The best reason for eliminating the penny is an extremely simple one – the production cost of one penny is more than the value of the penny itself.
In 2011, the U.S. Mint reported that the price induced to produce one penny had risen to more than two cents. For the nearly $50 million dollars worth of pennies produced that year, the government spent about $120 million.
That kind of waste is unjustifiable in a time when we’re supposed to be enduring a modicum of sacrifice and austerity. Even in a time of prosperity, it’d be a sizable amount of money going down the drain.
Is anyone going to be upset if we get rid of the penny?

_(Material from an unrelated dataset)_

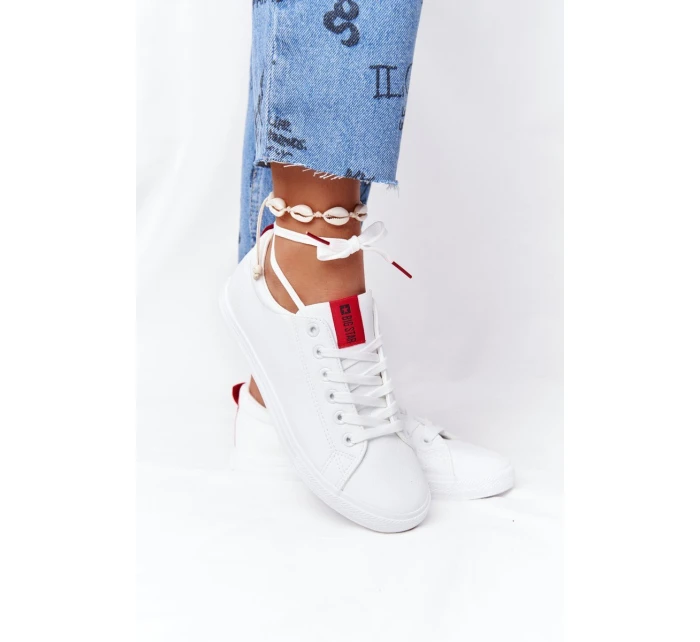 Dámské Kožené Tenisky Se Stuhou BIG STAR DD274685 Bile Dámské Kožené Tenisky Se Stuhou BIG STAR DD274685 Bile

The only real problem I can think of is that Abe Lincoln will now be slightly less represented on our currency than some other presidents. But something tells me he won’t be terribly upset about that.
It’s 2012, and the world is changing.
Drugstores don’t sell bubblegum or Mary Janes for a penny anymore, but we can flash our smartphones under a scanner to buy our morning coffee. Our little copper-wrapped zinc coin is now nothing but a tiny anachronism.
Give it a few years, and we’ll have chips implanted in our arms we use to pay the bills. Cash is on the way out, and getting rid of the penny is a good first step in that direction.
The mint estimates about 140 billion pennies are currently in circulation. Given the price of the metals making up the coins, the government could recoup about $700 million by melting down the coins and selling the metals at face value, according to Coinflation.com’s intrinsic value table.
It may be only a drop in the bucket of our national debt, but there’s hardly a downside when the pennies will just be sitting in old coffee cans collecting rust anyway.
For me, we should follow the Canadians’ lead on a lot more than their penny policy, but this is something even the most hardcore fifty-four-fortiers can get behind. It’s just like Game said in “State of Emergency;” if it don’t make dollars, don’t make cents.